A few months ago, I showed you how easy it is to learn the Russian alphabet. If you've been through that, you should already be able to read Russian text, sound out words, and even recognize several cognates. Today, I want to take a look at the really interesting phenomenon of Russian vowel reduction.

In spite of having a much more user-friendly alphabet than we're used to in English (and please, don't try to tell me Cyrillic is hard!), Russian is not a phonetic language. That is due to unpredictable stress on words, and also to a really interesting feature called vowel reduction.

In a nut-shell, vowel reduction symply describes the way in which unstressed vowels are pronounced with less phonetic clarity than stressed vowels. Fortunately, the reduction is entirely predictable once you know where the stress falls in a word.

Perhaps the best example of vowel reduction is in the word молоко (milk), which is pronounce "muh-lah-KO". (Actually, when you really get the attitude of Russian pronunciation it's more like "mulla-KOha", but we're not going to get into that!)

So why are three o's each pronounced differently? It has to do with their position in relation to the stressed syllable.

The vowel in the stressed syllable is always annunciated clearly. In the word молоко, the final syllable has the stress, so that vowel sounds like "OH".

А and О

The letters a and o, are both pronounced as "ah" when they appear in the syllable immediately before the stressed syllable. And in all other positions, they make the "uh" sound generally indicated by a schwa.
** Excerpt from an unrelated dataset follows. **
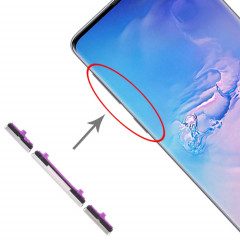 Pour Galaxy S10 / Galaxy S10+ 10 Set Touches latérales (Argent)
Thus, молоко is "mu-la-KO", because the stress is on the third syllable. Яблако is "YA-bluh-kuh", because the stress is on the first syllable. Наоборот sounds like "nuh-uh-bah-ROT", because the stress is at the end. So now, hopefully, you won't be confused at why the word протягивает sounds like "pra-TYA-gee-vuh-eet", or осторожно sounds like "uh-sta-ROZH-na".

Е and Я

The soft vowels е ("ye") and я ("ya"), both have a tendency to reduce to и ("ee") when they're not in the stressed position. Therefore, the word телефон sounds like "tee-lee-FON", the word семена is "see-mee-NA", and the word лягушка comes out like "lee-GOO-shka".

Special cases with А

There is a tendency to turn the а into an и ("ee") when it follows the letters ж, ш, and ц in an unstressed syllable. For example, пожалеть may sound more like "puh-zhi-LYET", and семнадцать almost always sounds like "seem-NAHD-tseet".

Those three rules describe everything you need to know about vowel reduction in Russian. There are other forms in which it can manifest, but they're not universal so they're not worth worrying over.

If you learn what I've described here and apply it when you speak Russian, you will find that not only will other people understand you better and compliment your pronunciation, but it will also help you to better understand what other people are saying to you! No more wondering why the word you heard sounds nothing like the word you saw written.

And now that you know how to perform Russian vowel reduction, you should be able to look up any word on WordReference (or your favorite Russian dictionary) and based on the position of the stressed syllable, you should be able to pronounce it almost perfectly even if you've never heard it before.